I'm a fan of this, for my greatest hope when it comes to Heaven is that God and I can take a walk together and I can ask Him questions about the creation. Very few of them begin with "Why . . ." Many of them start with, "How . . ."
I'll live and be delighted if this is not the case. It is Paradise after all. Nonetheless, it's a picture I am fond of, a picture that I am fond of thinking the saints since-departed are participating in right now. A growing conversation, a oneness with the One, where they are so much more themselves and yet His all at once. Truly saints, each and every one.
So on this All Saints Day, I offer up prayers for peace and strength for all those saints around the world today; I offer up prayers of thanksgiving for those whom God has already called home and the good work that they have done within the world to bring me to this place; and, I offer up prayers for their continual growth and understanding of Him.

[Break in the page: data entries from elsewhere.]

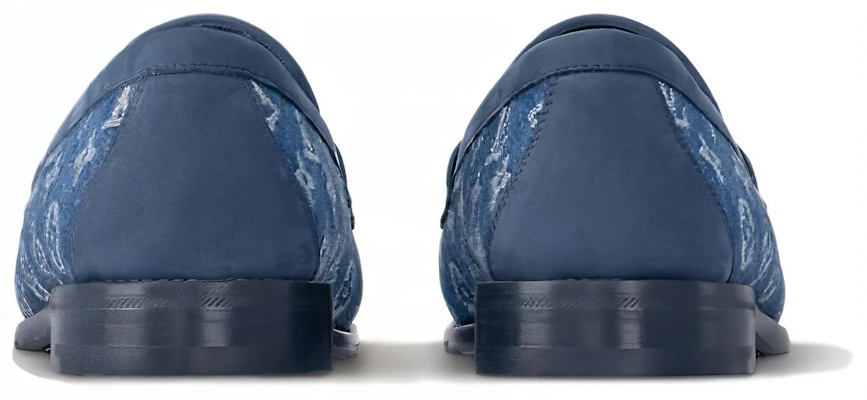Louis Vuitton Stoffen Loafer ''Blauw'' 1AC5LU Shop Louis Vuitton Stoffen Loafer ''Blauw'' 1AC5LU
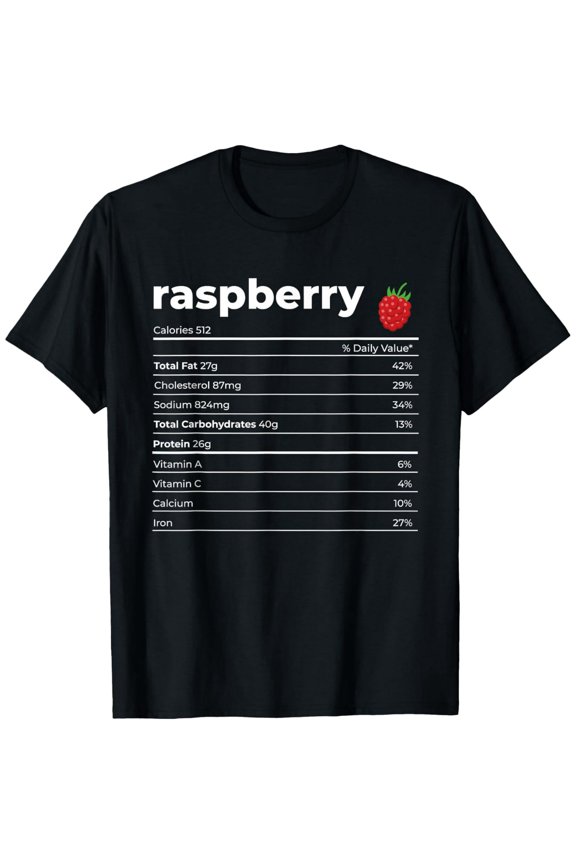 Nutrion Facts Raspberry T-ShirtPure cotton short-sleeved shirts for both men and women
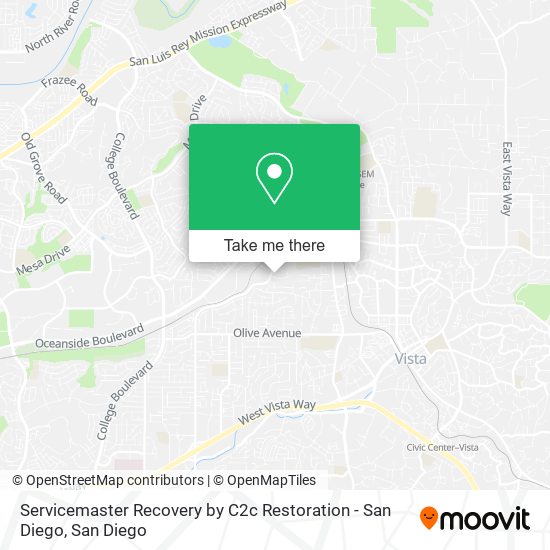 Mapa de Servicemaster Recovery by C2c Restoration - San Diego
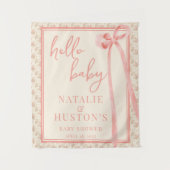 Coquette Blush Pink Bow Whimsical Niedlich Baby Du Wandteppich (Vorderseite)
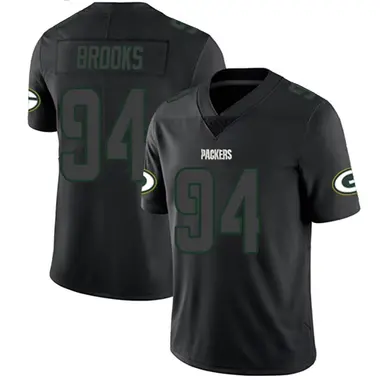 Karl Brooks Youth Limited Black Impact Green Bay Packers Jersey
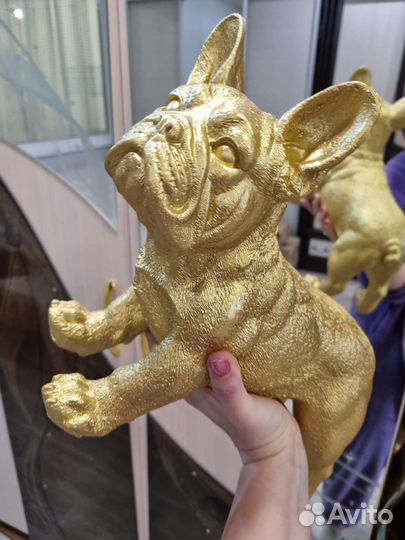 Мопс Бульдог статуетка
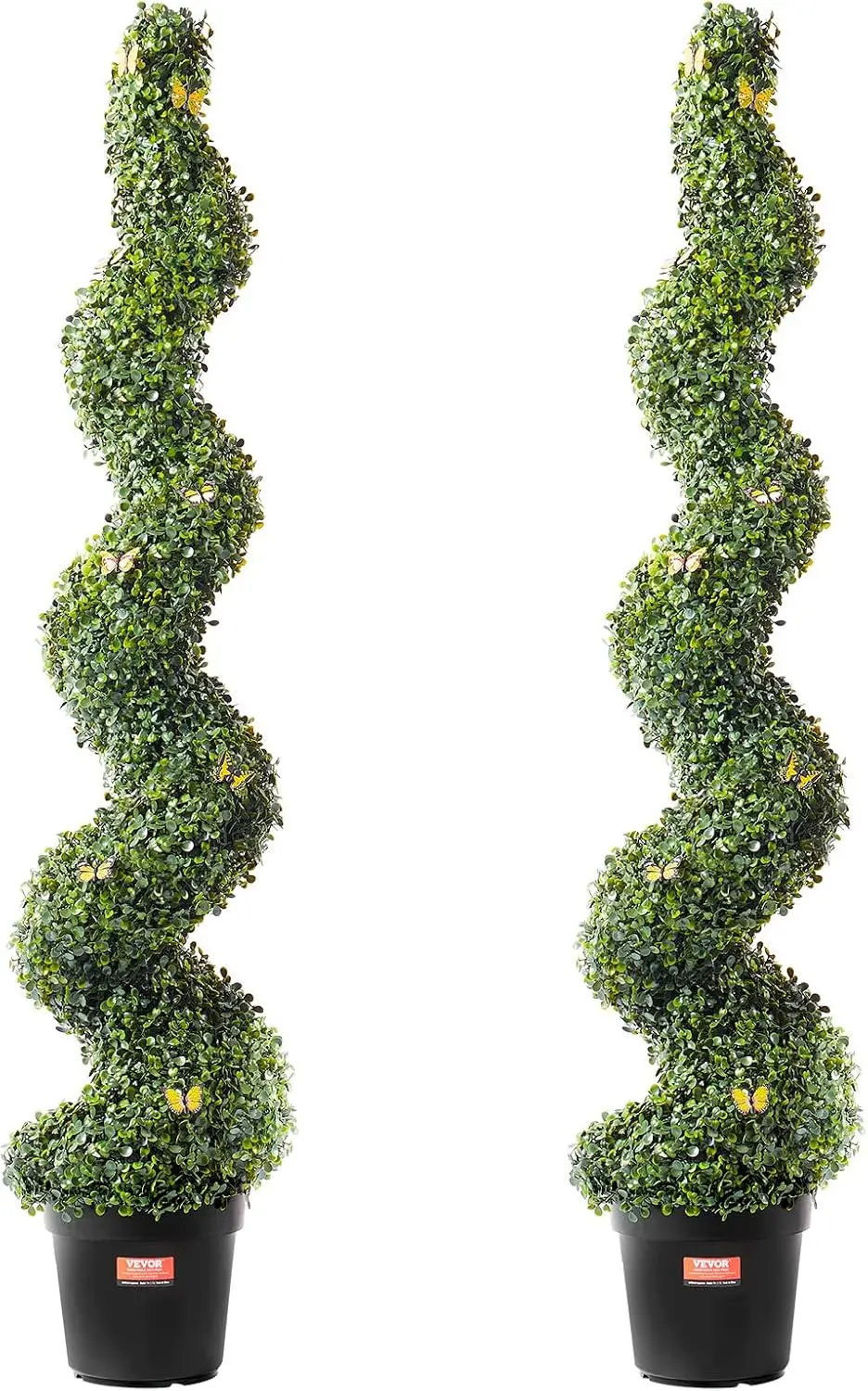 

Artificial Boxwood Topiary Tree, 60 inch Tall (2 Pieces), Spiral Faux Topiary Trees, Faux Plant w/Extra Leaves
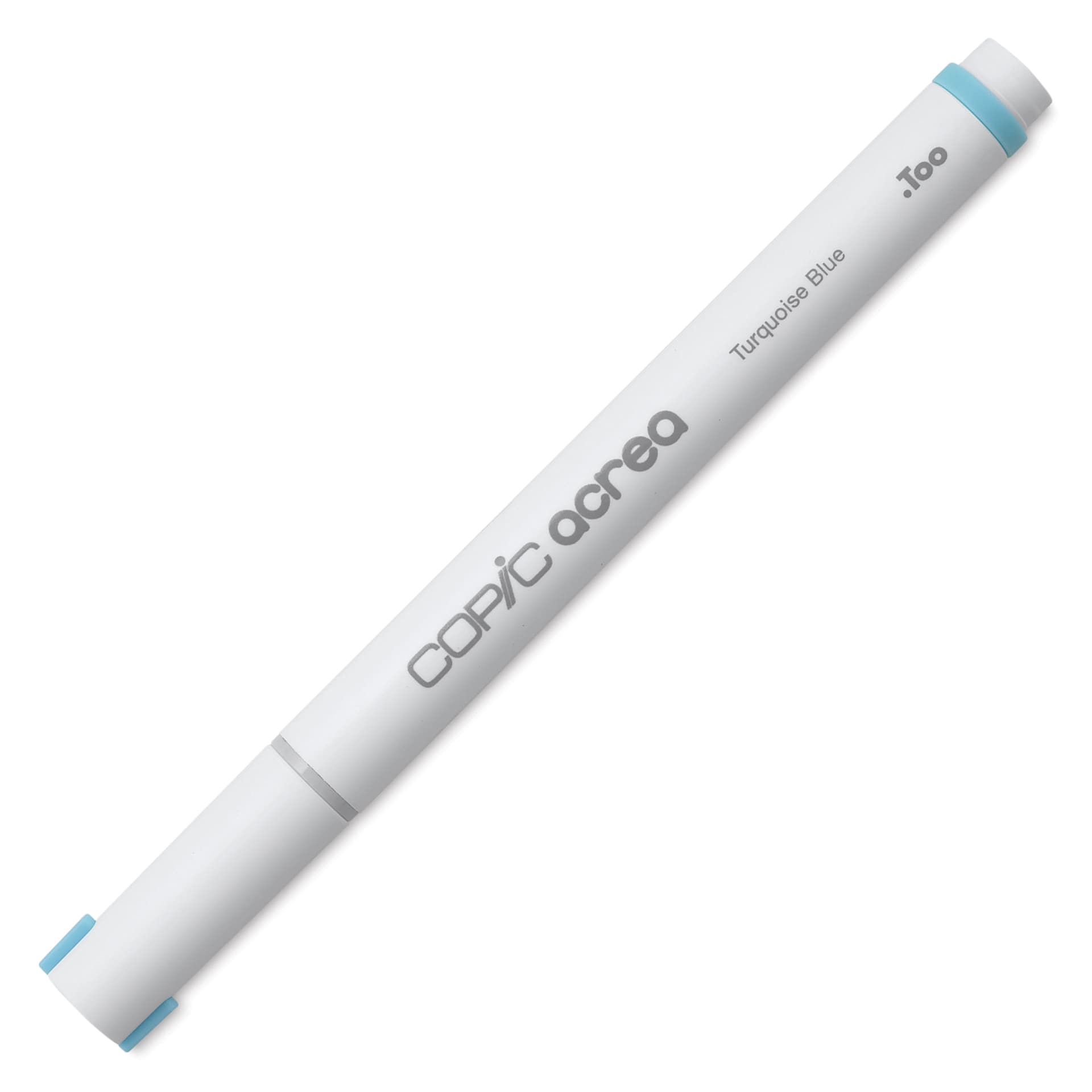 Copic Acrea Paint Marker - Turquoise Blue 018, cap on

Hm . . . I don't have a good Baptist answer for the last one, perhaps not even a good Anglican one, but as I understand and can make sense of it, though the saints are departed this life and therefore in Him, they are still journeying in Him, so I pray for all of them. Not a particular saint, but for all of them, as I would pray for the whole of the Church.
I'm still fuzzy on this, I know.
Different saints have meant different things to me at times in my life. There was a time when Catherine of Siena was particularly profound. Then there was Bonaventure and even recently Aquinas. Francis has been particularly formative to me for a long time. Why? Their writings express a heart for Christ that challenges me. I want to understand Him as they did. So I also want them to increase ever in understanding even as they are in His midst. Hence, prayers offered for all the saints.
I'm just not OK with saying that it works the opposite direction.
Huh, maybe it's a lot more confusing on some days than I first realized. I need to find a priest to corner.